The final two failed valves were in a single well that had been tested operable at the time of installation and shut in with completion brine in the tubing. Two months later, during commissioning of the wells, the valve sleeves failed to shift. Based on an examination of the few recoverable parts from the inoperable flow control systems and a careful review of the fluids to which they were exposed, the failure mechanism for the DHFC valves was identified as deposition of corrosion products on the sleeve that interfered with its sliding. The sleeves with surfaces hardened using quench-polish-quench (QPQ) nitriding process of 13% Chromium (13Cr) stainless steel corroded upon exposure to completion brine with trace oxygen and hydrocarbons with dissolved carbon dioxide from the pay zone.

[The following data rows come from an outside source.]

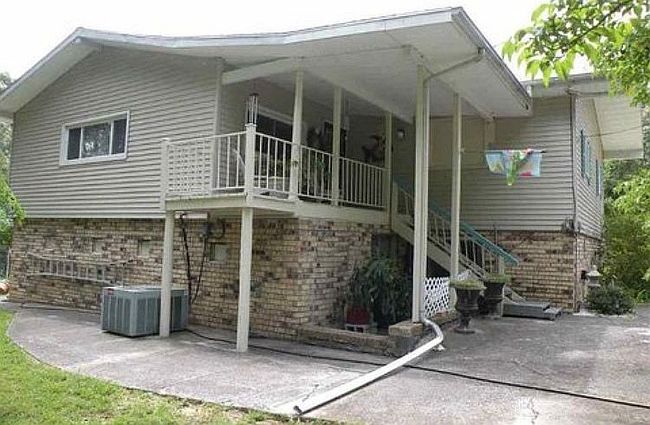 Photo of 364 Raintree Dr, Eddyville, KY
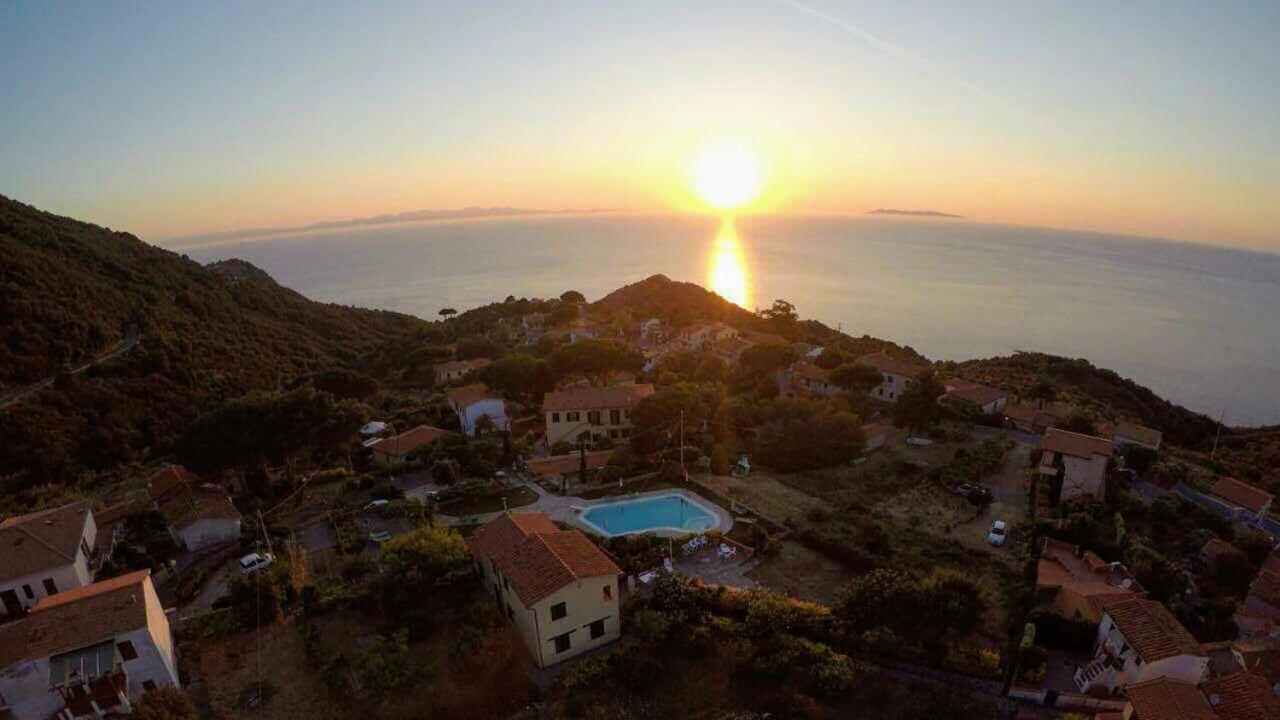 Da Angiolina Villa Marciana  Exteriör bild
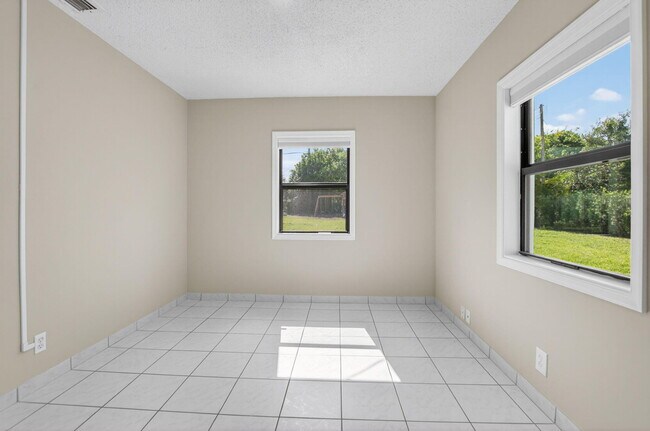 Building Photo - 3940 NW 5th Ave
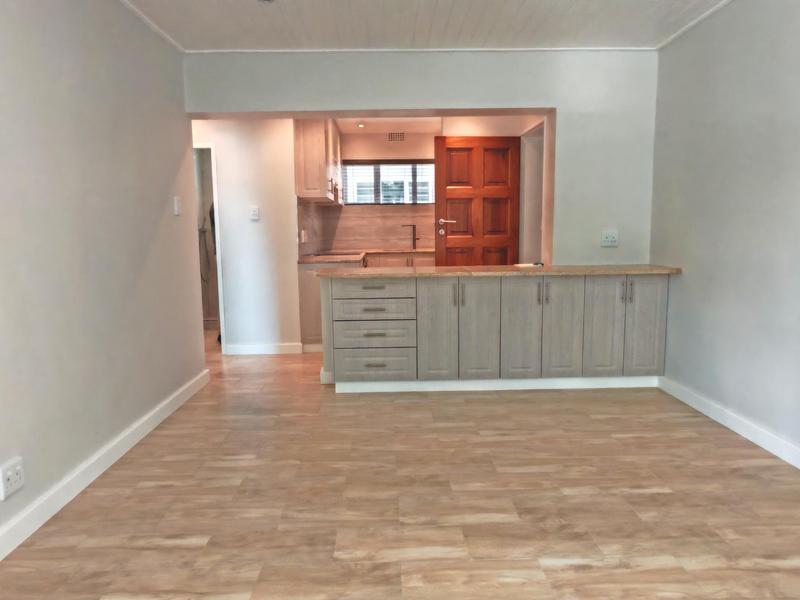 To Let 2 Bedroom Property for Rent in Woodstock Upper Western Cape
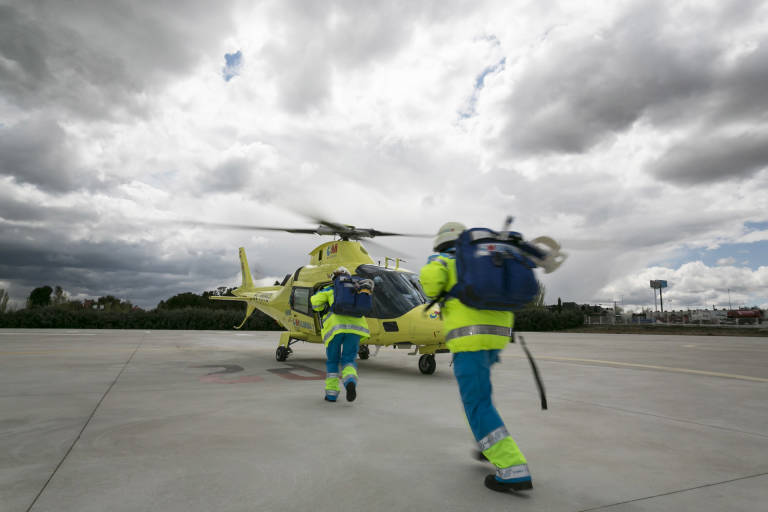 La Sindicatura insta a la empresa de emergencias a hacer fijos discontinuos a los bomberos con contratos temporales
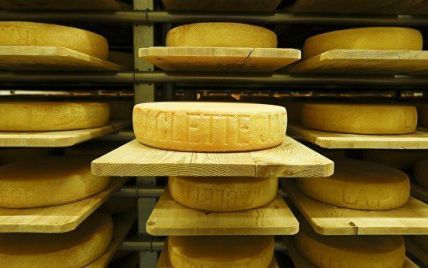 Сан-Марино "відхрестилось" від поставок хамону і сиру в Росію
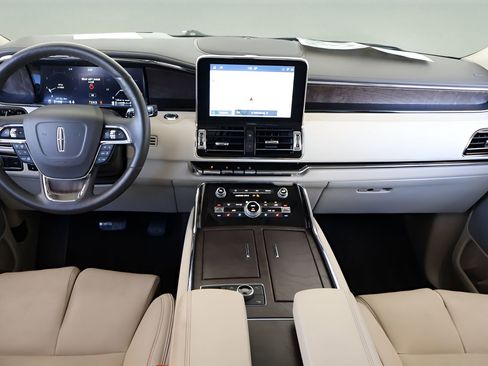 Used 2021 Lincoln Navigator Reserve w/ Luxury Package image 17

The performance of DHFC valves with QPQ-nitrided 13Cr surfaces in deepwater wells can now be explained in light of the identified failure mechanism. Wells that were produced shortly after completion had operable DHFC valves since the produced hydrocarbon fluids were not sufficiently corrosive to attack the QPQ-nitrided 13Cr. However, wells which were not produced for at least two months after well completion had failed DHFC valves, since the completion brine along with hydrocarbons had sufficient time to corrode and impair the valves function.
Ten DHFC valves made from Inconel 718 have subsequently been installed, two each in five deepwater wells, and all ten have functioned satisfactorily. The recurrence of a similar incident has been systematically prevented. Further, use of QPQ-nitrided 13Cr equipment on other downhole applications has been reviewed for suitability.